Byur!
Harits membelalakkan matanya. Teman-temannya itu sudah keterlaluan. Ia menggertakkan giginya.
"Alisyah!" Ali berseru cemas.
Ali semakin tersulut emosi melihat kondisi Alisyah. Namun ini bukan saatnya memperdulikan tawa mereka. Ali segera membuka jaket yang ia kenakan lalu memakaikannya pada Alisyah.
Alisyah hanya diam merasakan udara yang semakin dingin menusuk kulit saat dirinya basah kuyup. Marah pun tidak akan mampu membuat tubuhnya kering. Namun ia merasa lebih baik saat Ali memberikan jaketnya. Ya, meski tetap saja rasa dingin itu tidak hilang.
"Gue kira, lo bakal perbaikin kesalahan lo. Tapi ternyata apa? Kalau tujuan lo cuma pengen bikin Alisyah kayak gini, lo berhasil, Rist. Selamat!"
Setelah mengucapkan itu, Ali langsung membawa pergi Alisyah dari rumah Harist. Ali benar-benar muak dengan lelaki itu.
"Apa maksud kalian semua kayak gitu, hah?!" Harist membentak teman-temannya. Rahangnya mengeras.
Semua menunduk tidak berani menatap lelaki itu. Harist kalau sudah naik pitam memang menyeramkan.
"Rist, ayolah. Dia itu cewek yang enggak banget gayanya. Lo enggak mungkin 'kan suka sama dia? Lo juga enggak mungkin 'kan marahin kita kayak gini cuma karena dia." Seseorang mencoba memberanikan diri untuk bersuara.
"Kalau iya, kenapa? Apa urusannya sama kalian?! Kalian enggak suka?!"
Semuanya diam membisu. Hening beberapa saat.
"Ayolah, Rist. Kita tadi cuma takut lo kalah dari Ali. Lo 'kan tau sendiri kalau lo berantem sama Ali, lo bakal babak belur."
"Apa? Gue enggak salah denger? Kalian takut gue kalah dan babak belur? Udah tau kalau berurusan sama Ali bakalan ribet tapi lo semua malah kayak gini?! Punya otak enggak sih lo semua?!" Harist mengepalkan tangannya kuat-kuat.
"Punya 'lah." Seseorang yang lain menyahut.
Harist tertawa hambar. "Kalau punya, lo semua sekarang pergi dan jangan pernah muncul di depan gue lagi! Gue muak sama lo semua! Acara malem ini batal!"
Harist segera berjalan memasuki rumahnya meninggalkan teman-temannya begitu saja. Begitupun dengan acara ulang tahunnya yang diadakan di sekitar kolam renangnya.
Argh!
Teman-teman Harist mulai bersuara. Saling menyalahkan satu sama lain. Gagal. Semuanya berantakan.
***
Alisyah sudah terlelap namun Ali masih setia di samping Alisyah. Ali memandang lekat wajah adiknya itu. Tida banyak perubahan di wajah adiknya. Alisyah masih seperti princess kecil dalam dunia dongengnya dulu. Dalam kerajaan permainan mereka dulu.
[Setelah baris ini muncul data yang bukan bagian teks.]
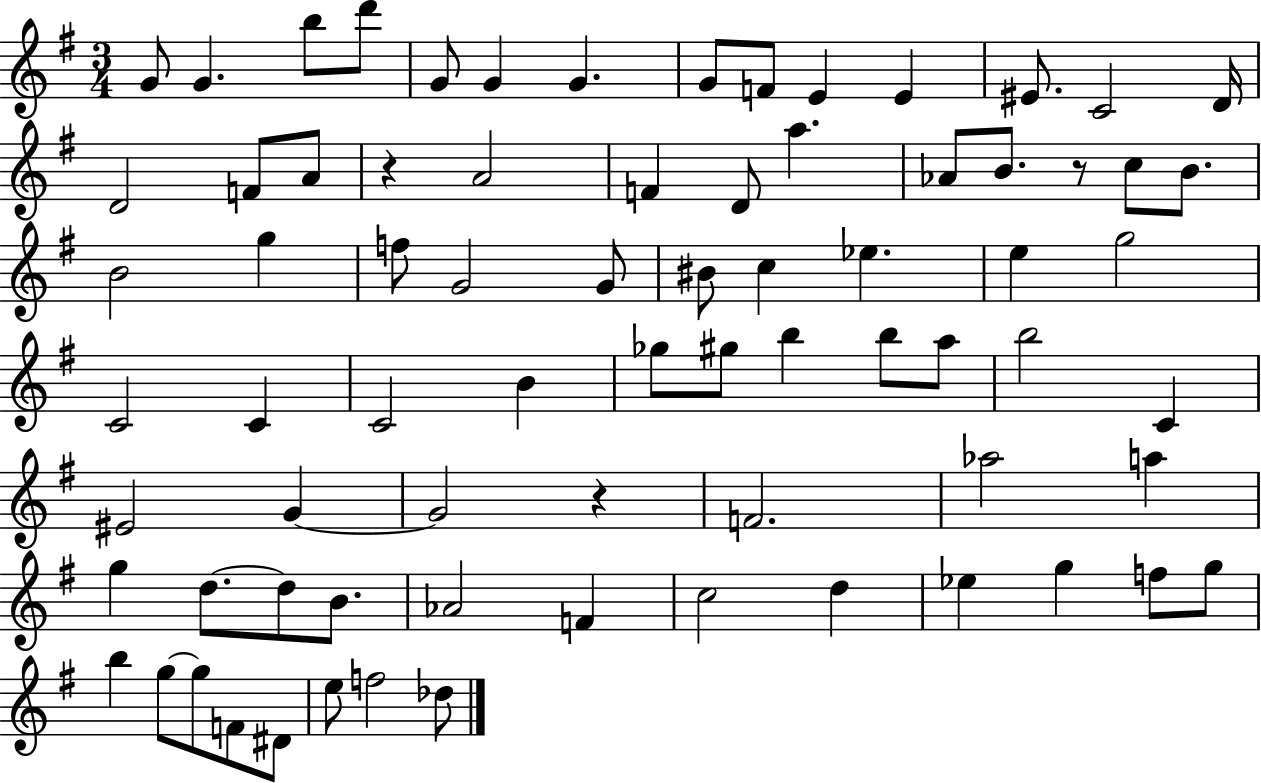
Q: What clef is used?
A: treble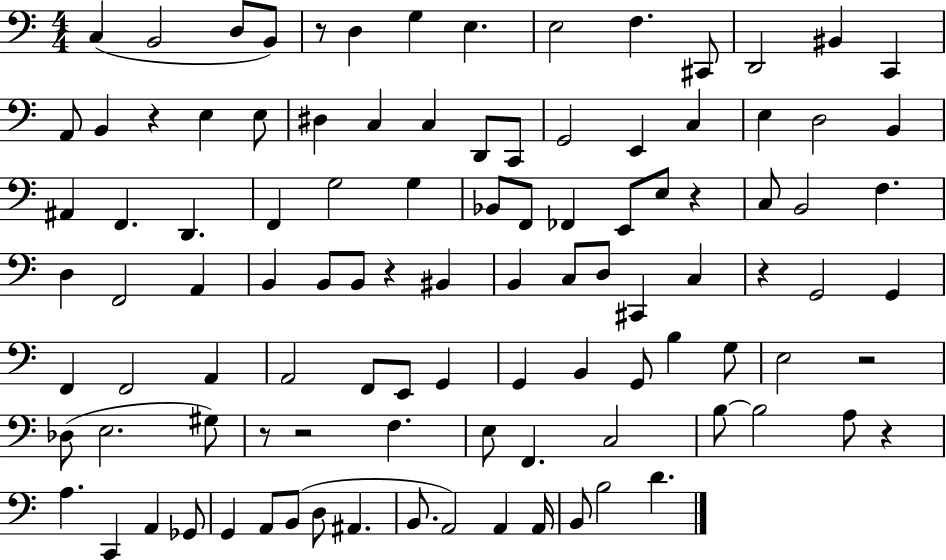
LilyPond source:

{
  \clef bass
  \numericTimeSignature
  \time 4/4
  \key c \major
  c4( b,2 d8 b,8) | r8 d4 g4 e4. | e2 f4. cis,8 | d,2 bis,4 c,4 | \break a,8 b,4 r4 e4 e8 | dis4 c4 c4 d,8 c,8 | g,2 e,4 c4 | e4 d2 b,4 | \break ais,4 f,4. d,4. | f,4 g2 g4 | bes,8 f,8 fes,4 e,8 e8 r4 | c8 b,2 f4. | \break d4 f,2 a,4 | b,4 b,8 b,8 r4 bis,4 | b,4 c8 d8 cis,4 c4 | r4 g,2 g,4 | \break f,4 f,2 a,4 | a,2 f,8 e,8 g,4 | g,4 b,4 g,8 b4 g8 | e2 r2 | \break des8( e2. gis8) | r8 r2 f4. | e8 f,4. c2 | b8~~ b2 a8 r4 | \break a4. c,4 a,4 ges,8 | g,4 a,8 b,8( d8 ais,4. | b,8. a,2) a,4 a,16 | b,8 b2 d'4. | \break \bar "|."
}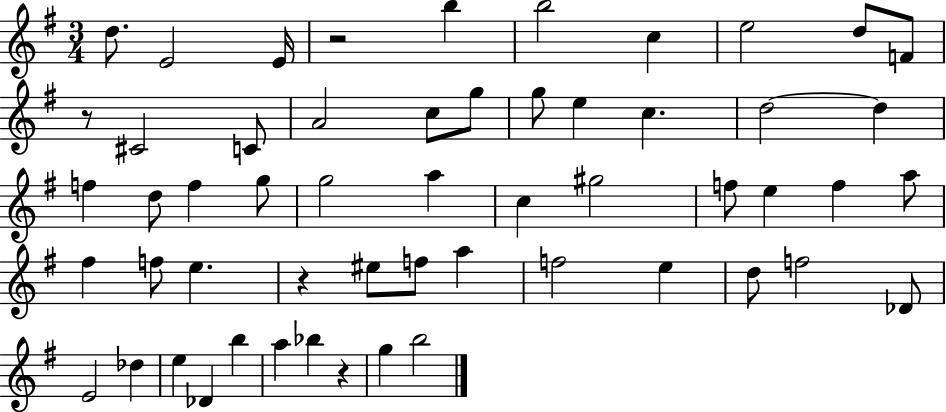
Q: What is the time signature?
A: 3/4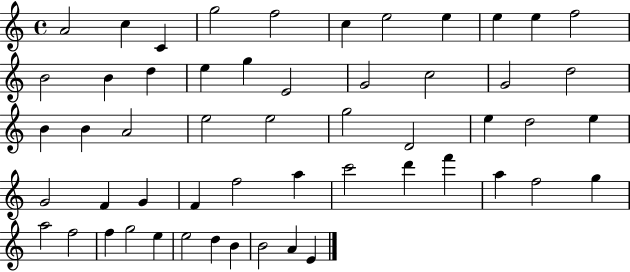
A4/h C5/q C4/q G5/h F5/h C5/q E5/h E5/q E5/q E5/q F5/h B4/h B4/q D5/q E5/q G5/q E4/h G4/h C5/h G4/h D5/h B4/q B4/q A4/h E5/h E5/h G5/h D4/h E5/q D5/h E5/q G4/h F4/q G4/q F4/q F5/h A5/q C6/h D6/q F6/q A5/q F5/h G5/q A5/h F5/h F5/q G5/h E5/q E5/h D5/q B4/q B4/h A4/q E4/q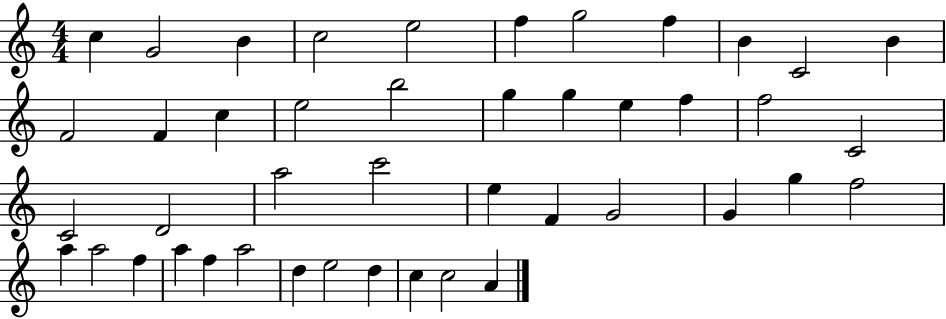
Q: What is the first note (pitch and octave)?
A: C5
Kini Alisyah tetaplah menjadi seorang putri yang menjadi saudara kandung pangeran Ali di kerajaan mereka. Pangeran yang selalu ingin melindungi adik perempuannya.
Namun sang pangeran tetap saja belum bisa benar-benar melindungi putri dari marabahaya. Sang putri tetap saja harus terbaring lemah dan dirinya selalu saja menyalahkan yang terjadi.
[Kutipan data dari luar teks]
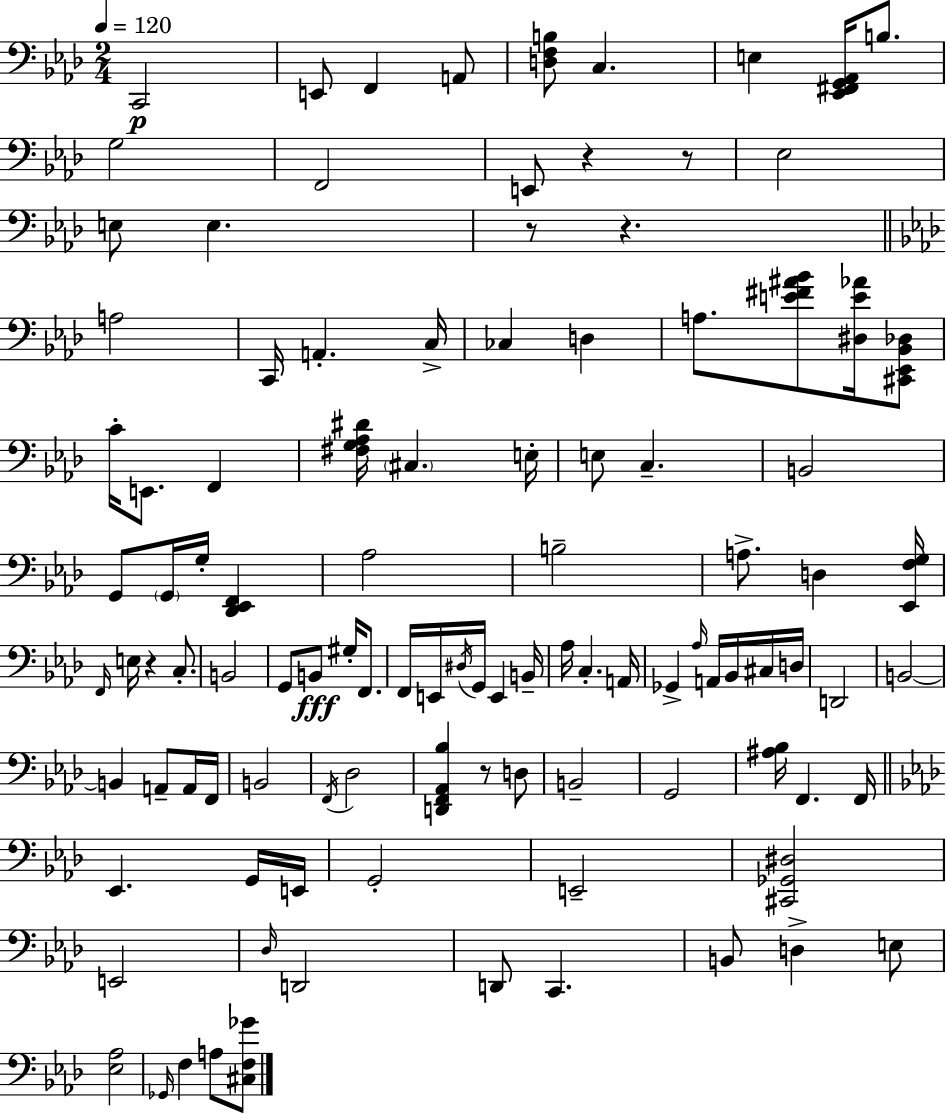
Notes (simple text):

C2/h E2/e F2/q A2/e [D3,F3,B3]/e C3/q. E3/q [Eb2,F#2,G2,Ab2]/s B3/e. G3/h F2/h E2/e R/q R/e Eb3/h E3/e E3/q. R/e R/q. A3/h C2/s A2/q. C3/s CES3/q D3/q A3/e. [E4,F#4,A#4,Bb4]/e [D#3,E4,Ab4]/s [C#2,Eb2,Bb2,Db3]/e C4/s E2/e. F2/q [F#3,G3,Ab3,D#4]/s C#3/q. E3/s E3/e C3/q. B2/h G2/e G2/s G3/s [Db2,Eb2,F2]/q Ab3/h B3/h A3/e. D3/q [Eb2,F3,G3]/s F2/s E3/s R/q C3/e. B2/h G2/e B2/e G#3/s F2/e. F2/s E2/s D#3/s G2/s E2/q B2/s Ab3/s C3/q. A2/s Gb2/q Ab3/s A2/s Bb2/s C#3/s D3/s D2/h B2/h B2/q A2/e A2/s F2/s B2/h F2/s Db3/h [D2,F2,Ab2,Bb3]/q R/e D3/e B2/h G2/h [A#3,Bb3]/s F2/q. F2/s Eb2/q. G2/s E2/s G2/h E2/h [C#2,Gb2,D#3]/h E2/h Db3/s D2/h D2/e C2/q. B2/e D3/q E3/e [Eb3,Ab3]/h Gb2/s F3/q A3/e [C#3,F3,Gb4]/e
Padahal tidak lama lagi waktu hanh tersisa bagi Ali untuk di sisi Alisyah. Setelah lulus, Ali tidak akan bisa lagi menjaga adiknya itu. Ia akan pergi sejauh mungkin dari Alisyah.
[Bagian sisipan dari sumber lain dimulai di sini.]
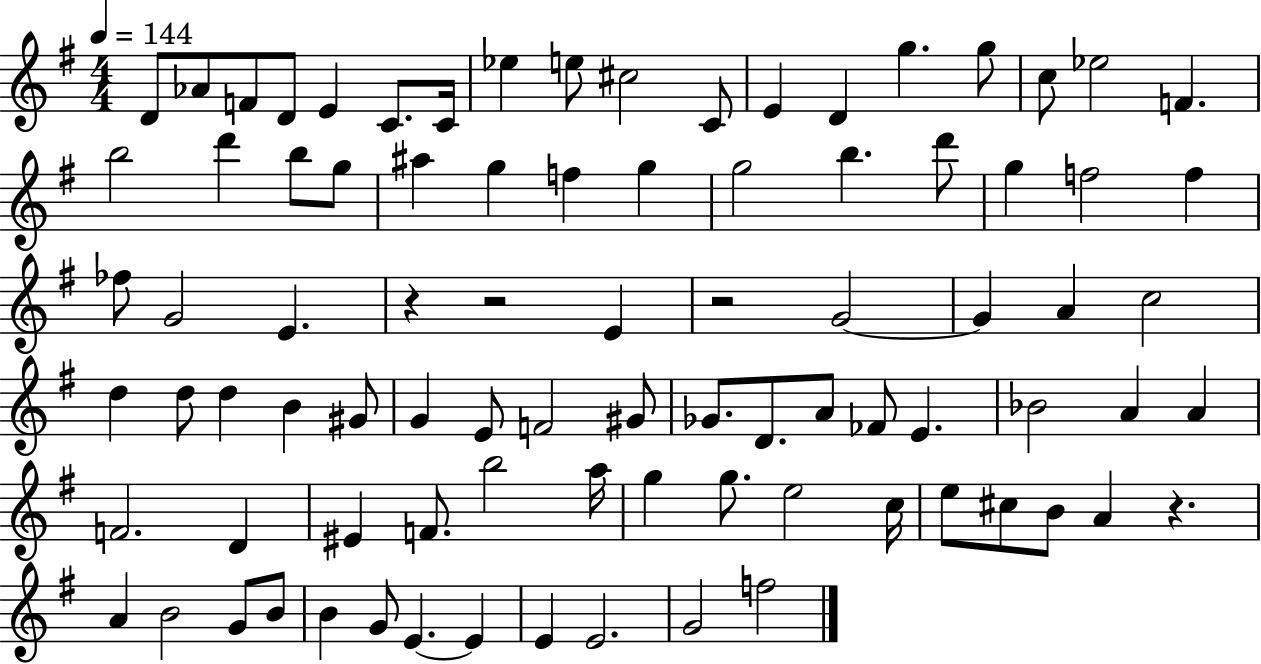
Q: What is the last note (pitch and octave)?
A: F5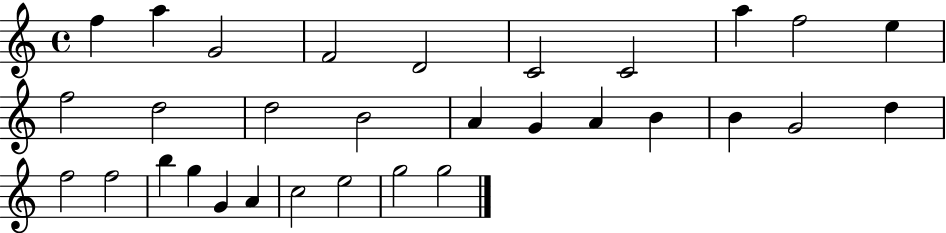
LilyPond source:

Bukan ingin jauh. Namun ia memang harus melangkah jauh. Keputusannya untuk kuliah di Al-Azhar Kairo tidak bisa diganggu gugat lagi. Itu telah menjadi janjinya kepada kedua orang tuanya.
"Maafin kak Al, Dik."
Ali bangkit dari duduknya. Ia segera menyelimuti tubuh Alisyah dengan selimut berlapis-lapis karena takut Alisyah kedinginan dan demam.
Ali kemudian mematikan lampu kamar Alisyah dan melangkah keluar.
"Selamat malam, putri Alisyah." Ali menutup pintu kamar Alisyah.
***
L
agi-lagi suara pukulan keras terdengar dari dalam rumah yang terlihat begitu mewah. Bukan hanya sekali, namun berkali-kali.
Seorang lelaki tersungkur di lantai dengan darah yang mengalir dari hidung dan ujung bibirnya. Ia berusaha menahan rasa panas di dadanya yang sejak tadi membuat nafasnya tidak beraturan.
"Dasar anak enggak tau diri!"
Sumpah serapah yang keluar dari mulut lelaki yang ia panggil 'Papa' itu berusaha tidak ia dengar. Baginya itu sudah seperti makanan sehari-hari. Ia justru tersenyum miris.
"Bisa-bisanya yah kamu ngadain pesta sebesar itu terus kamu tinggalin! Anak enggak tau diuntung!"
Papanya berbalik begitu saja meninggalkan dia setelah mengucapkan itu. Lelaki itu bangkit sambil mengusap darah segar di ujung bibirnya. Ia lalu berjalan dengan tertatih sambil tertawa. Seakan menertawakan kehidupannya yang menyedihkan.
Seorang pembantu terlihat bergegas menghampirinya. "Tuan muda Harist mau Bibi buatin air hangat?"
Harist menggeleng. Tanpa bersuara lagi, dia langsung menuju kamarnya. Ia mengunci kamarnya lalu menjatuhkan tubuhnya ke kasur.
Harist kembali tertawa. "Gue enggak tau apa alasan gue berani ngelawan Papa hari ini. Tapi yang gue tau, gue enggak mungkin ngerayain ultah gue sama orang yang udah memperlakukan lo enggak pantas kayak gitu, Alisyah."
Harist memejamkan matanya. Bahkan tubuhnya yang terasa remuk atau wajahnya yang terasa sakit tidak digubrisnya.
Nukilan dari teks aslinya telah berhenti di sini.